START Data for analysis

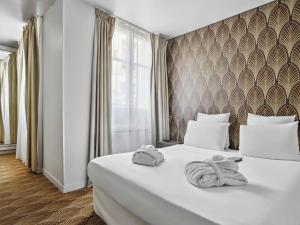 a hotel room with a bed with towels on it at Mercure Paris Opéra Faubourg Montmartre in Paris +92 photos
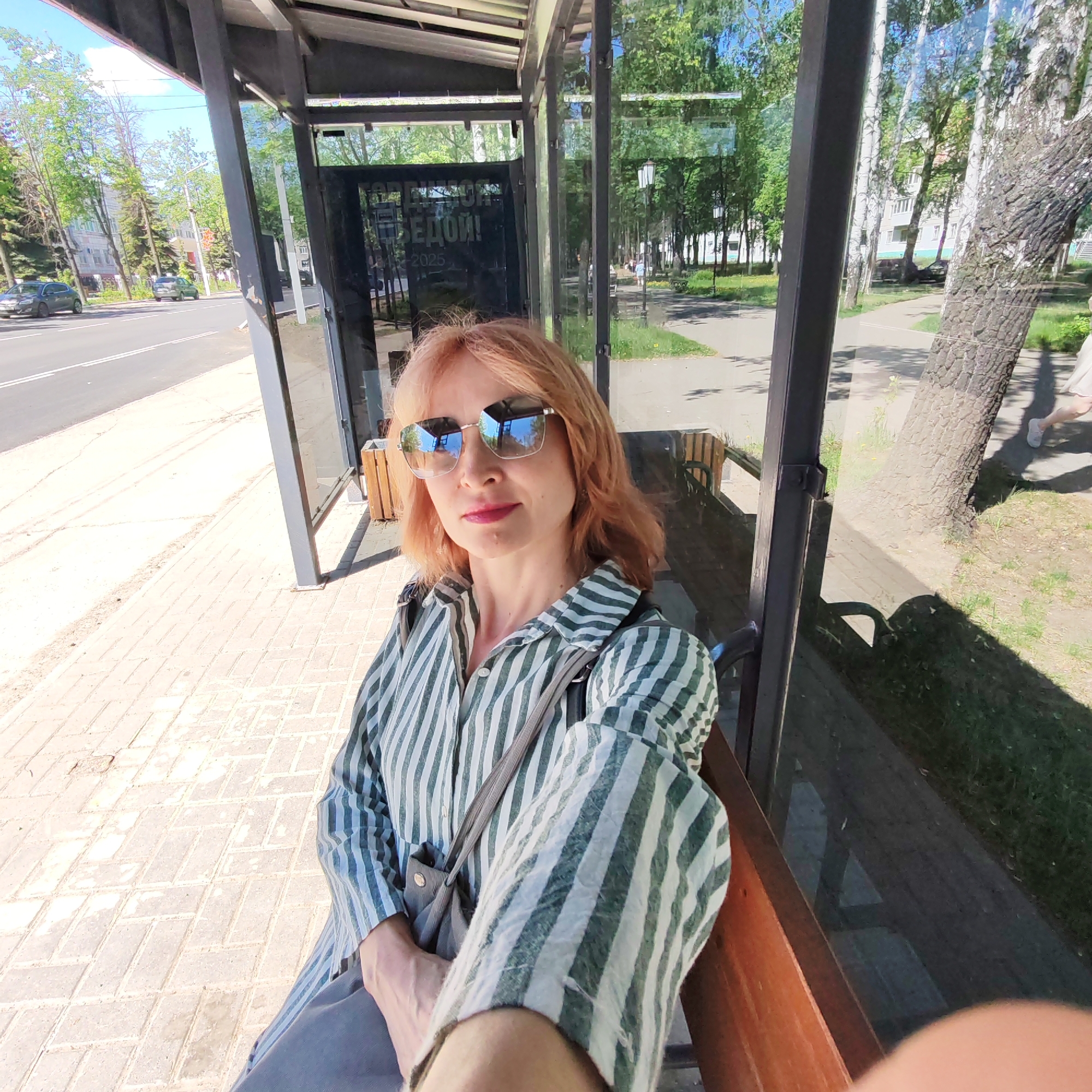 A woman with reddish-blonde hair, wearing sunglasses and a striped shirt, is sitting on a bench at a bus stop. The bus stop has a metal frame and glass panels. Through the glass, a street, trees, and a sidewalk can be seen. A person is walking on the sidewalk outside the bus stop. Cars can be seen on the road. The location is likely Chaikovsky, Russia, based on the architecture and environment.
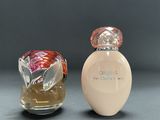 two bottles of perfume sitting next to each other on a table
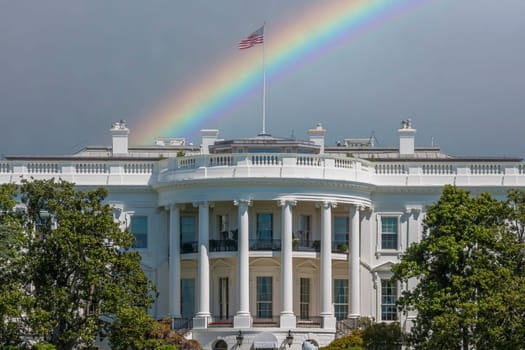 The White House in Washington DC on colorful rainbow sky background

END Data for analysis
START Data for analysis

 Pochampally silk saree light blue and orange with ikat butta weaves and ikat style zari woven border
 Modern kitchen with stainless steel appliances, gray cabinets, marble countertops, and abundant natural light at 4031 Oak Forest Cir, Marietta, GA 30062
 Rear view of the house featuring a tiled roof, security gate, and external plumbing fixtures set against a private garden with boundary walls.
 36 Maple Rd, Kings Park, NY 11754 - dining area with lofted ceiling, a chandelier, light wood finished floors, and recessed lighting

END Data for analysis

Reproduce the listing above from the line that holds "A woman with" through the line that holds "The White House", both included, with the pictures left out.

 A woman with reddish-blonde hair, wearing sunglasses and a striped shirt, is sitting on a bench at a bus stop. The bus stop has a metal frame and glass panels. Through the glass, a street, trees, and a sidewalk can be seen. A person is walking on the sidewalk outside the bus stop. Cars can be seen on the road. The location is likely Chaikovsky, Russia, based on the architecture and environment.
 two bottles of perfume sitting next to each other on a table
 The White House in Washington DC on colorful rainbow sky background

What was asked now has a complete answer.